Auch an normalen Wochenenden offenbart sich Heinsbergstraße A als das, was sie vornehmlich ist: der Mülleimer der Kyffhäuser Straße. Die Zusammensetzung ist konstant und findet sich auf dem Bordstein (Krautsalat, Fleischstücke), auf den Fenstersimsen (Frittenschalen, Bierflaschen) und an den Fassaden (Mageninhalt). Überflüssig zu erwähnen, dass hier nachts viele singfreudige Menschen unterwegs sind. Dass das nicht immer so war, erfährt man, wenn man sich mit Frau Welter aus dem Parterre unterhält. Sie ist 94 und wohnt seit 83 Jahren in der Heinsbergstraße – als Teenager in den Zwanzigern noch in Nr. 6. In Nr. 4 wohnte damals der nur anderthalb Jahre ältere Max, ein junger Speiseeishändler, der später unter dem Namen Max Schmeling berühmt werden sollte.

Heinsbergstraße B

Wer nun die Zülpicher Straße überquert, um Heinsbergstraße B zu betreten, hat seinen Döner gerade aufgegessen. Ganz schön saubere Gegend also. Ein fürstlicher, nagelneuer Asphalt bedeckt das ehemals total verschlissene Kopfsteinpflaster. Die Zahl hübsch restaurierter Altbauten nimmt zu, wenngleich es auch hier noch die ein oder andere gewagte Kombination aus Schnörkelputz oben und Kacheln unten gibt. Wer es weiß, spürt einen Hauch von Cologne’s Swinging Sixties: Früher war hier einmal das Beatlesmuseum, und irgendwo zwischen Nr. 17 und Nr. 21 wohnte Deutschlands erster Popliterat Rolf-Dieter Brinkmann. Leider ein paar Jahrzehnte zu spät, um Schmeling kennenzulernen. Aber das ist der Schnee vergangener Tage. Den großen Unterschied zu Heinsbergstraße A markieren drei gastronomische Namen: Bagutta, Rosebud, Feynsinn [sic?]. Wer da hingeht, sieht nicht so aus, als hätte er/sie das Kleinmann oder den Stiefel auf der Zülpicher Straße schon mal von innen gesehen.
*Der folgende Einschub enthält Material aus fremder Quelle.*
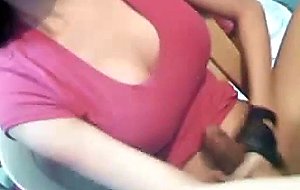 Big tits tranny jerking her big intense cock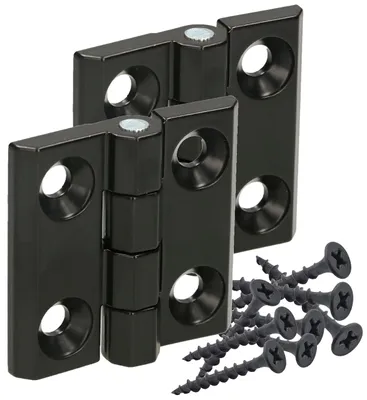Productafbeelding van KOTARBAU® Set van 2 scharnieren, opgerold, gietstuk, 50 x 50 mm, zwart, 270 graden openingshoek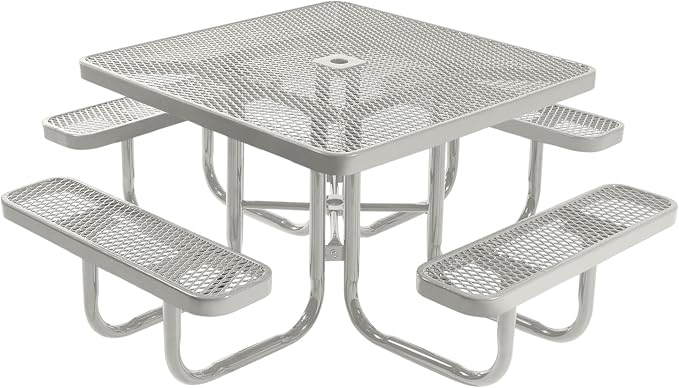 COATEDOUTDOORFURNITURE Heavy-Duty Portable Outdoor Picnic Table with Umbrella Hole, Expanded Metal Commercial-Grade Patio Furniture Made in America (46" Square Top, Grey with Grey Frames)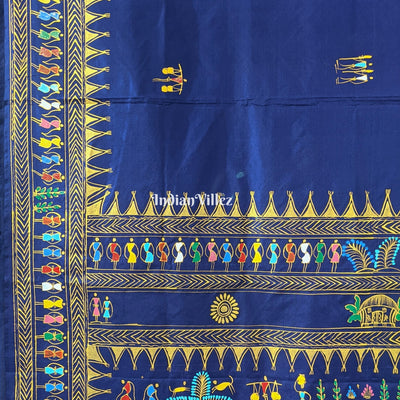 Blue Tribal Themed Hand-Painted Pattachitra Saree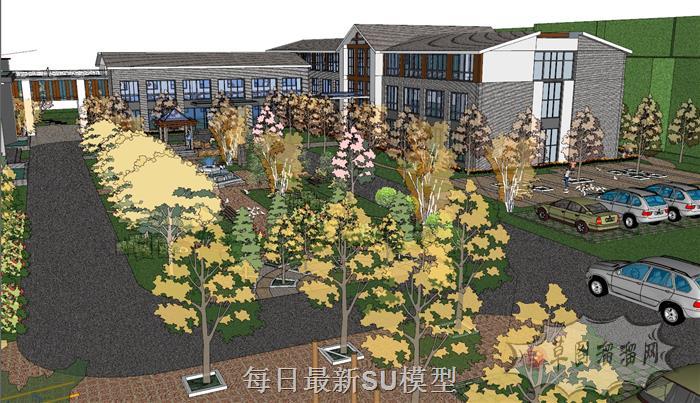 新中式办公区建筑SU模型 2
Schnittmenge Rathenauplatz

Doch die sozialen Unterschiede werden nichtig am Ende der Heinsbergstraße. Jo verkauft in seinem Kiosk die Grundlage für die egalitäre Faszination des Rathenauplatzes: Flaschenkölsch. Trinkend vereint sitzen sie da auf Rasen, Mäuerchen und Bänken. Und niemand ahnt etwas von dem Boxer und dem Literaten, die sich auf historische Weise in den zwei Heinsbergstraßen verpasst haben.